◆ **What this task involves**
Each line from the one with "WOLF BWL-1S-05+ SEM-1W-360 5 kW s montážou" through the final line of the entries below must be printed exactly, and the pictures must not be.

◆ **Material provided**
· · · · · · ·
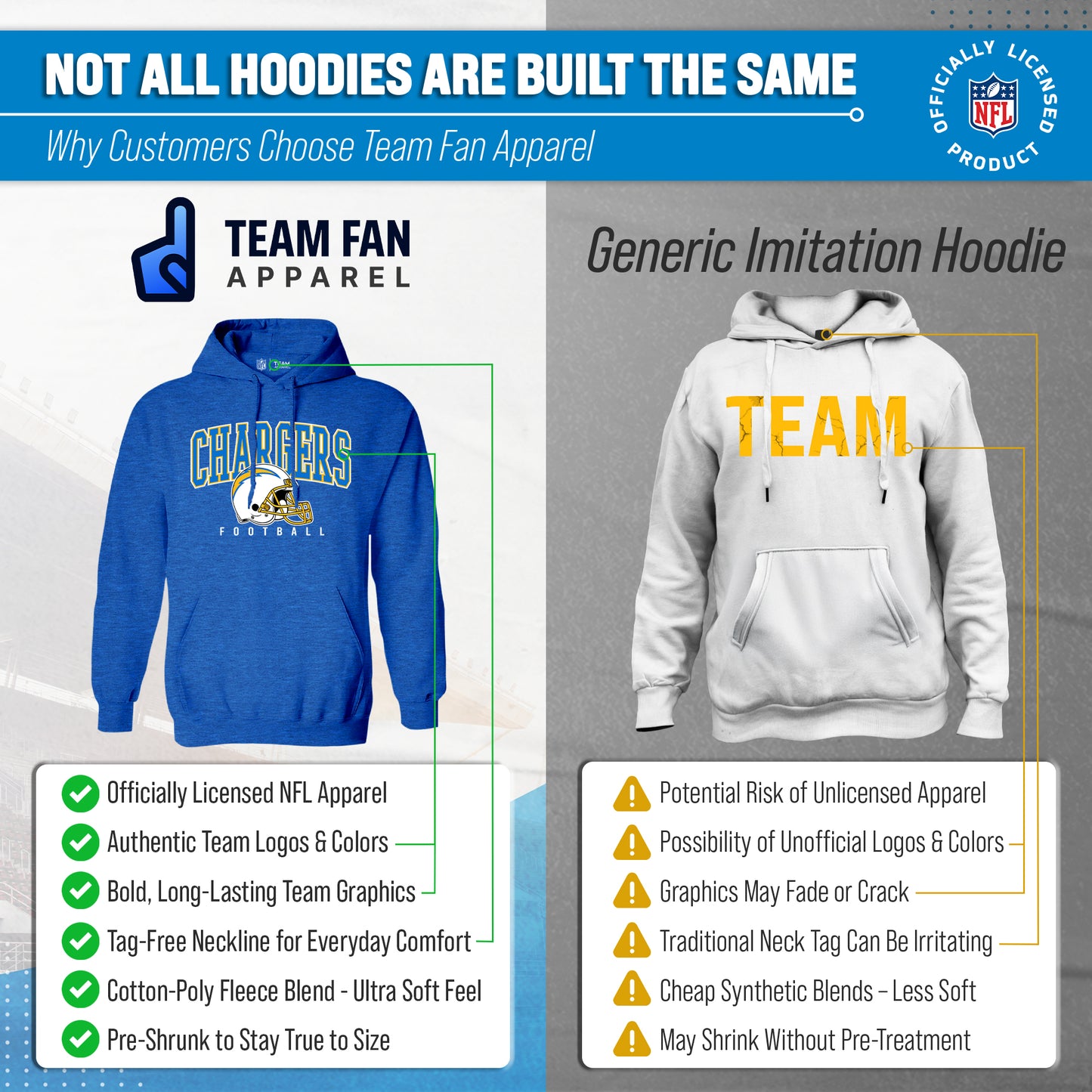 Los Angeles Chargers NFL Adult Unisex All Star Soft Fleece Hooded Sweatshirt - Blue Heather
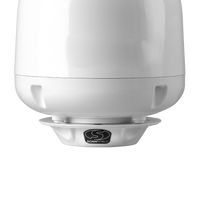 Scanstrut SC45R Satcom Mount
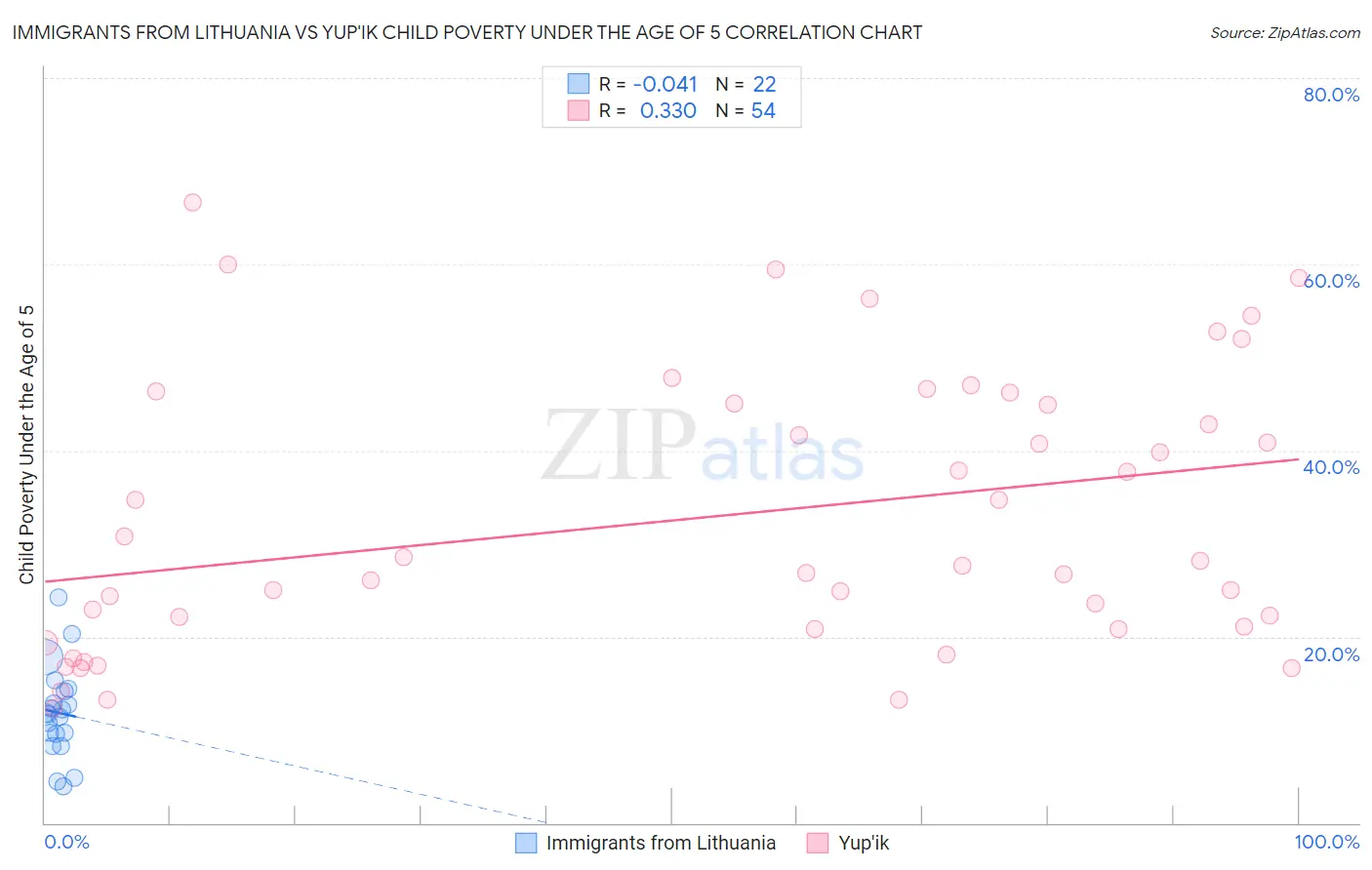 Immigrants from Lithuania vs Yup'ik Child Poverty Under the Age of 5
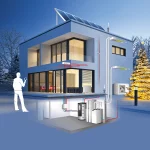 WOLF BWL-1S-05+ SEM-1W-360 5 kW s montážou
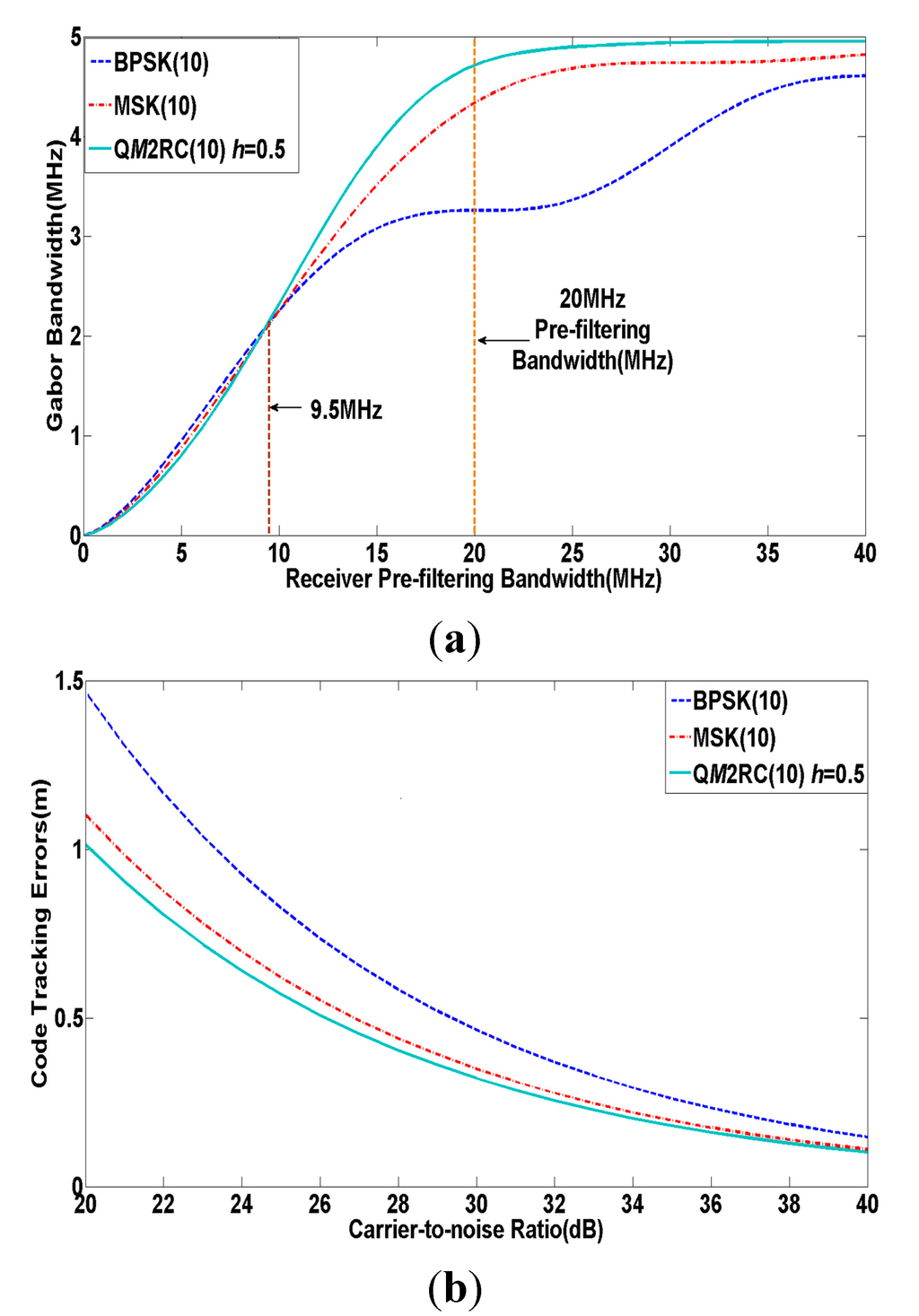 Sensors 15 13184 g007 1024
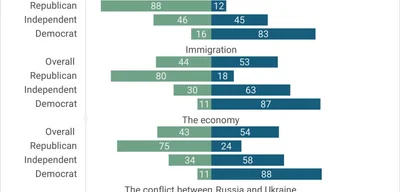 Poll: 53% of Americans Back Trump's Crime-Fighting Strategy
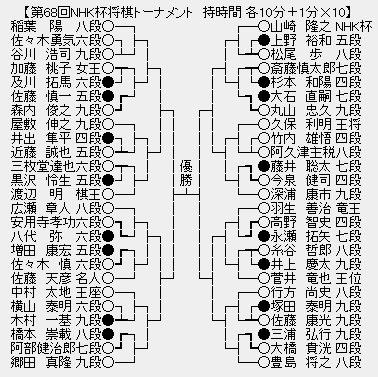 NHK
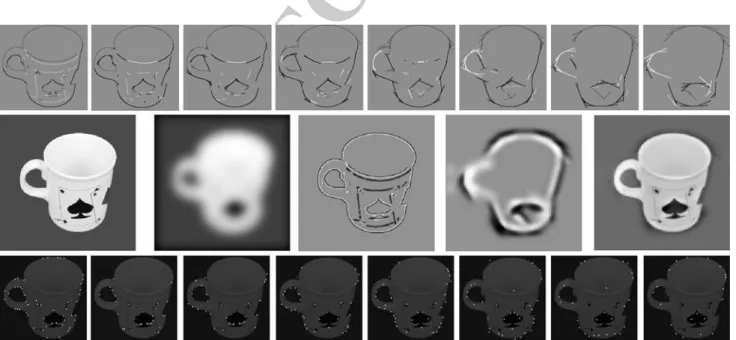 Fig. 1 Top: multi-scale line/edge detection in the case of a mug with, from left to right, fine to coarse scales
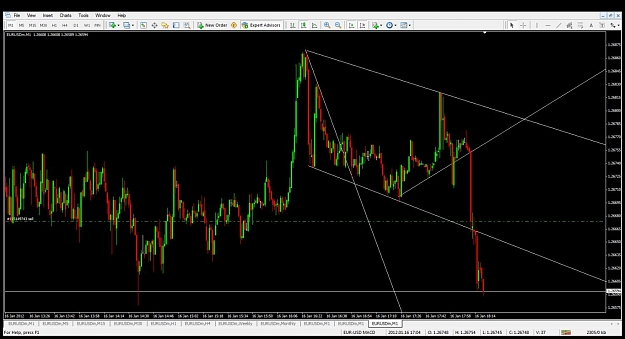 Click to Enlarge

Name: 5m chart7.jpg
Size: 117 KB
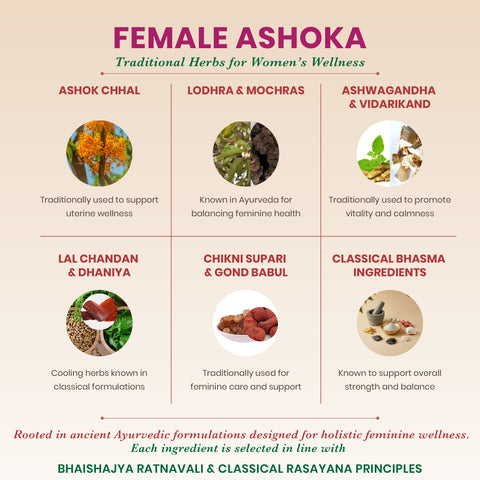 Female Ashoka Tablets - Ayurvedic Women’s Wellness Tablets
· · · · · · ·
◆ **The completed task**
 WOLF BWL-1S-05+ SEM-1W-360 5 kW s montážou
 Sensors 15 13184 g007 1024
 Poll: 53% of Americans Back Trump's Crime-Fighting Strategy
 NHK
 Fig. 1 Top: multi-scale line/edge detection in the case of a mug with, from left to right, fine to coarse scales
 Click to Enlarge

Name: 5m chart7.jpg
Size: 117 KB
 Female Ashoka Tablets - Ayurvedic Women’s Wellness Tablets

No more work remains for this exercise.